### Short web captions
--

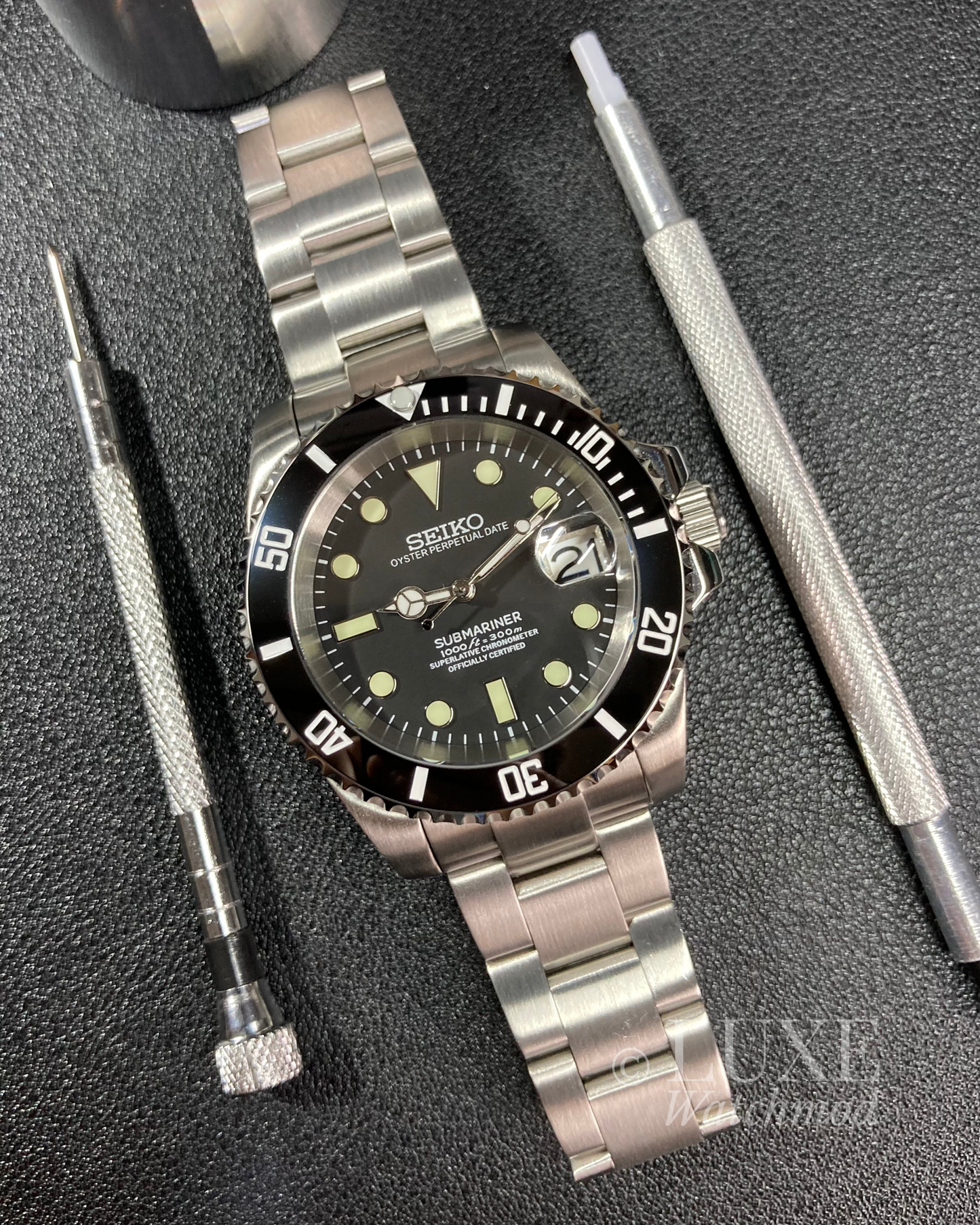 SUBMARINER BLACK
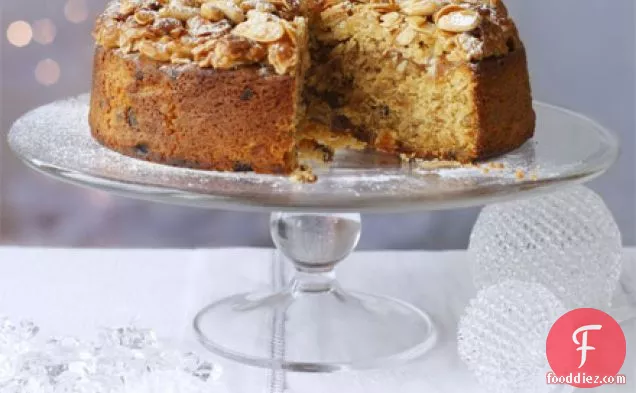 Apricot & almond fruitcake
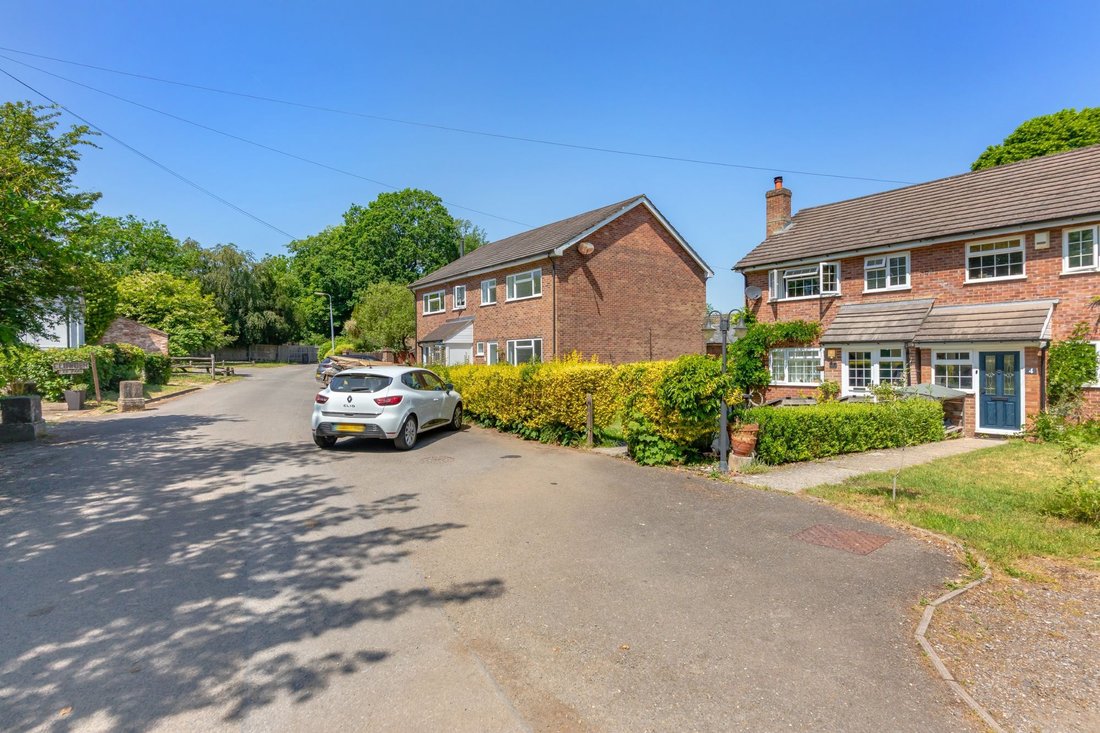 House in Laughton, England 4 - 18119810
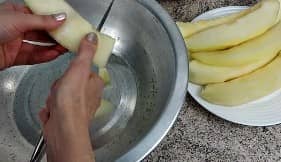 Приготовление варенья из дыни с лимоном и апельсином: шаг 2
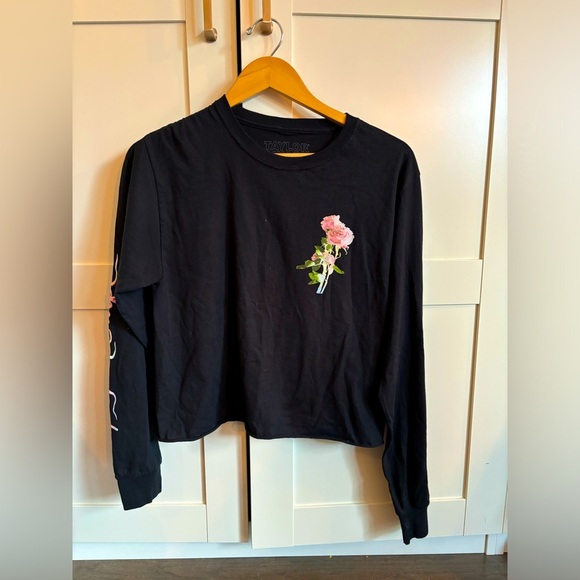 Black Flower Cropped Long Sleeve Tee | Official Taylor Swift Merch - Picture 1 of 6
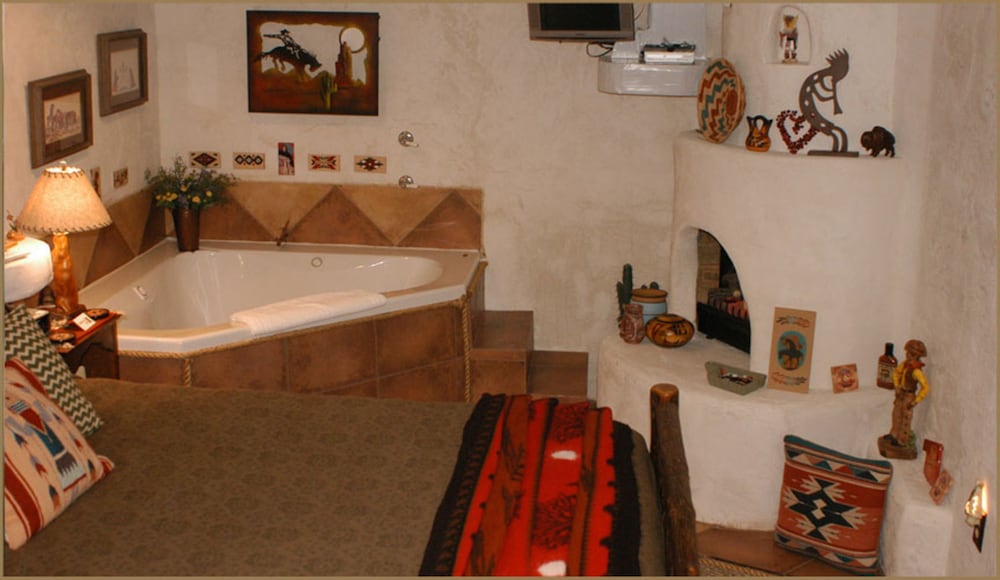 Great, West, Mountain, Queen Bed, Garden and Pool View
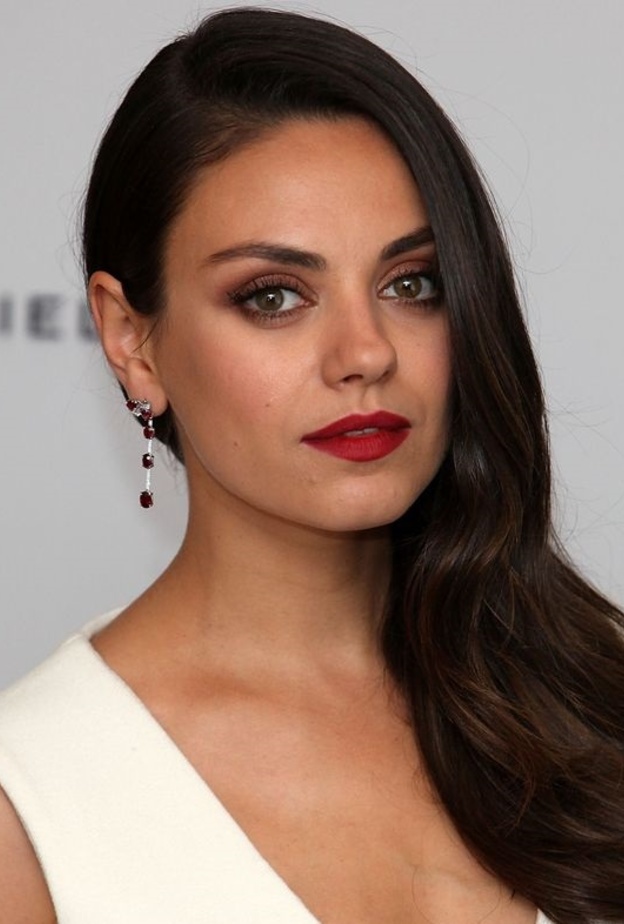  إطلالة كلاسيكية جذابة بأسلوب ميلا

--

### TASK REQUIREMENTS
Please retype exactly the lines from the one containing "Black Flower Cropped" to the last line of the records above, both included, without any pictures.

### OUTPUT
 Black Flower Cropped Long Sleeve Tee | Official Taylor Swift Merch - Picture 1 of 6
 Great, West, Mountain, Queen Bed, Garden and Pool View
  إطلالة كلاسيكية جذابة بأسلوب ميلا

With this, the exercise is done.